RTM shows various metrics and measures that indicate the performance and quality of each participant's device, network, audio, video, and content sharing during a meeting.
- Device information: This includes the user name (for internal users only), IP address, regional location (based on IP address), device model and manufacturer (for supported devices), operating system version (for supported devices), and connectivity type (wired, WiFi, or WWAN).
- Network metrics: This includes jitter (the variation in delay between packets), packet loss (the percentage of packets that are lost or discarded), round trip time (the time it takes for a packet to travel from sender to receiver and back), bandwidth (the amount of data that can be transmitted per unit of time), and network MOS (mean opinion score).
- Audio metrics: This includes audio bitrate (the amount of data used to encode audio per unit of time), audio packet loss rate (the percentage of audio packets that are lost or discarded), audio jitter buffer (the buffer that compensates for jitter by delaying audio playback), audio concealment ratio (The percentage of all call seconds that had concealment events due to lost data. )
- Video metrics: This includes Round Trip Time (The time it takes for a packet to travel from sender to receiver and back), Bitrate (The amount of data used to encode video per unit of time), Frame Rate (The number of frames per second of video the client is sending), Loss Recovery Attempt Rate (The number of times requested from the network loss causing the video to freeze), Video Source Freeze Count (No.of time source camera didn't generate new frames), Bandwidth (the amount of data that can be transmitted per unit of time).
- Application Sharing -You can check the content sharing inbound/outbound network details that include Bitrates, Packet Loss, Frame Rate, Harmonic Frame Rate, Normalized Freeze Duration (Freezing that is observed on the receiving side), Audio/Video Sync.
CPU and System Battery - These are the new metrics and measurements that Microsoft recently included on the RTM. System CPU Usage - (Indicates whether the system resources are high relative to Teams app then it indicates system performance issues), Teams App CPU usage ( Amount of CPU used by Teams app during the call), Battery level ( Indicates whether the system on the charge or remaining battery in the system).
Limitations-
- PSTN, 1:1 Calls, and Group calls are not supported in RTM.
- Teams CVI (Cloud Video Interop) Calls. e.g Poly, Bluejeans
- Cisco WebEx Room device joining via WebRTC (Hybrid Calendaring).
- Real-time telemetry is only available for presenters of scheduled live event.
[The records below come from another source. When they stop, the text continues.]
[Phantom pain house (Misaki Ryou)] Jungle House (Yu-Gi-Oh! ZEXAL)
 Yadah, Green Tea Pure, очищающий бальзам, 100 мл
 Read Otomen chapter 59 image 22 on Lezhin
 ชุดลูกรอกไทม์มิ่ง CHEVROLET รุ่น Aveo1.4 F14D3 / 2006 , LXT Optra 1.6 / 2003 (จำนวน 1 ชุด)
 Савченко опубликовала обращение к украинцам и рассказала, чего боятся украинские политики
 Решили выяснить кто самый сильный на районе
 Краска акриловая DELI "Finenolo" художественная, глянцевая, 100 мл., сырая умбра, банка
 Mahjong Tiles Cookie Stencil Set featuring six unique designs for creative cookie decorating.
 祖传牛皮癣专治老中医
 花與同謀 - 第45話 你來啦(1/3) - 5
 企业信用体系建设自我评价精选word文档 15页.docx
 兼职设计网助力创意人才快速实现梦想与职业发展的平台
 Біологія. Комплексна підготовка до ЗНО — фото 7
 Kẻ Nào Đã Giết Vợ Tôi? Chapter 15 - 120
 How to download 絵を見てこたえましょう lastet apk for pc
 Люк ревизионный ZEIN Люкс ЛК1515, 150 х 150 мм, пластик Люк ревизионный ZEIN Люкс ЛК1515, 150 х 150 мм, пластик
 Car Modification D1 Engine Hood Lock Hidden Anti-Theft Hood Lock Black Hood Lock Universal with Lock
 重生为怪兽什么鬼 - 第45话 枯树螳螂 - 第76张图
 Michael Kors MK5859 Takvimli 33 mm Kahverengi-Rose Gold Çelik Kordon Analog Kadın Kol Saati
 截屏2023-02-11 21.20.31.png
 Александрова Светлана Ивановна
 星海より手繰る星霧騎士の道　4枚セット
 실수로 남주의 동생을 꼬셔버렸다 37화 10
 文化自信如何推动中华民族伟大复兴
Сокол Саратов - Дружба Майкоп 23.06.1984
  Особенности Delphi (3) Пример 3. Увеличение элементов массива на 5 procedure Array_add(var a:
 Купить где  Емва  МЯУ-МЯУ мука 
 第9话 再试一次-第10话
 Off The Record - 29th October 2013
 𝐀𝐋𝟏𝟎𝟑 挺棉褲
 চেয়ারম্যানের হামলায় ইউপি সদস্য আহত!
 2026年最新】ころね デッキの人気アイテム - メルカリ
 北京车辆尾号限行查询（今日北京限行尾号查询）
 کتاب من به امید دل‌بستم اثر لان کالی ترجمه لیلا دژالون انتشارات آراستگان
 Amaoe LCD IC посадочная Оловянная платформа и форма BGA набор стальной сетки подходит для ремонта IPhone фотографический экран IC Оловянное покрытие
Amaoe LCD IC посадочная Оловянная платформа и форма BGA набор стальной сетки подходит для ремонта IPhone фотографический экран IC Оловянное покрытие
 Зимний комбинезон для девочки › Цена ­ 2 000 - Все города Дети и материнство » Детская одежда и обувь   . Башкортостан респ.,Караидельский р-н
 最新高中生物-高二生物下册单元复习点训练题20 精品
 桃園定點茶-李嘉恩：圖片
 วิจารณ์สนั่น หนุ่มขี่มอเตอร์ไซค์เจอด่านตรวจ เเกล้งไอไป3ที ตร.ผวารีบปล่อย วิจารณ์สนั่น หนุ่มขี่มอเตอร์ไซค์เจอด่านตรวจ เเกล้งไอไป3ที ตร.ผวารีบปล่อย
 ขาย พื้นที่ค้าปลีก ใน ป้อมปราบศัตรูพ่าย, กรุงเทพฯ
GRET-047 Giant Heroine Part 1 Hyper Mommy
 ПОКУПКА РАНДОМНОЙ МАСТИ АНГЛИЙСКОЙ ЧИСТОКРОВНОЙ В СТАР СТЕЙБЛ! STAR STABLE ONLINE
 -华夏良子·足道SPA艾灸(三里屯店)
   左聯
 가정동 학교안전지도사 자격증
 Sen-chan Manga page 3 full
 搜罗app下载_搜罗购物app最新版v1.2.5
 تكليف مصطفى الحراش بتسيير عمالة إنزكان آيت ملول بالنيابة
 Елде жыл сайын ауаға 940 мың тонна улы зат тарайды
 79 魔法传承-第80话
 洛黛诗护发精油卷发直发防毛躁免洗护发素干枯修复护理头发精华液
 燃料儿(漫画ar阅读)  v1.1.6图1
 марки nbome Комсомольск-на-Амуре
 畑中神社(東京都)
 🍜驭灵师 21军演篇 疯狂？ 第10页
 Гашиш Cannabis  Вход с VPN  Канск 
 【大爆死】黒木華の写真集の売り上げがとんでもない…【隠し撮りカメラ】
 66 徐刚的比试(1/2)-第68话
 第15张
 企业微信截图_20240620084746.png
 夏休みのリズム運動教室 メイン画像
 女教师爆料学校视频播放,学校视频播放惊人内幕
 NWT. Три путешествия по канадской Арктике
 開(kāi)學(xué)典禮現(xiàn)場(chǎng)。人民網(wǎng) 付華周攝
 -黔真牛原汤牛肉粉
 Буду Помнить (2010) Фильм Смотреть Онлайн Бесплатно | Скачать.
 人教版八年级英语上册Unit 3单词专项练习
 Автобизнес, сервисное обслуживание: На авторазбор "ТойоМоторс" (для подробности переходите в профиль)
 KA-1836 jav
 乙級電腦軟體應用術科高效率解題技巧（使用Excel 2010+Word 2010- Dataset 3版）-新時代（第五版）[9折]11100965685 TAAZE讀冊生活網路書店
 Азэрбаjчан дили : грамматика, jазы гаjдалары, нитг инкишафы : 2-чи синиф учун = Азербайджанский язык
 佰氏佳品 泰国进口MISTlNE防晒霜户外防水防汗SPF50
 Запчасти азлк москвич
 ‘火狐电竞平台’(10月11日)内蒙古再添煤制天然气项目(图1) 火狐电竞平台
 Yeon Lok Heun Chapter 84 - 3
It's currently not available for live event attendees.
- Real-time telemetry data is available for a meeting under Recent meetings for 24 hours after the meeting has ended. After 24 hours, you can't access the data and the meeting moves to Past meetings. If a meeting is longer than 3 hours, real-time telemetry will only be available for the last 3 hours.
- Telemetry isn't available in real-time when using older versions of Teams.
- It will show the RTM data only from when you started the subscription. e,g if there is an ongoing call and somebody reports an issue, you want to see the old RTM details, it will not show.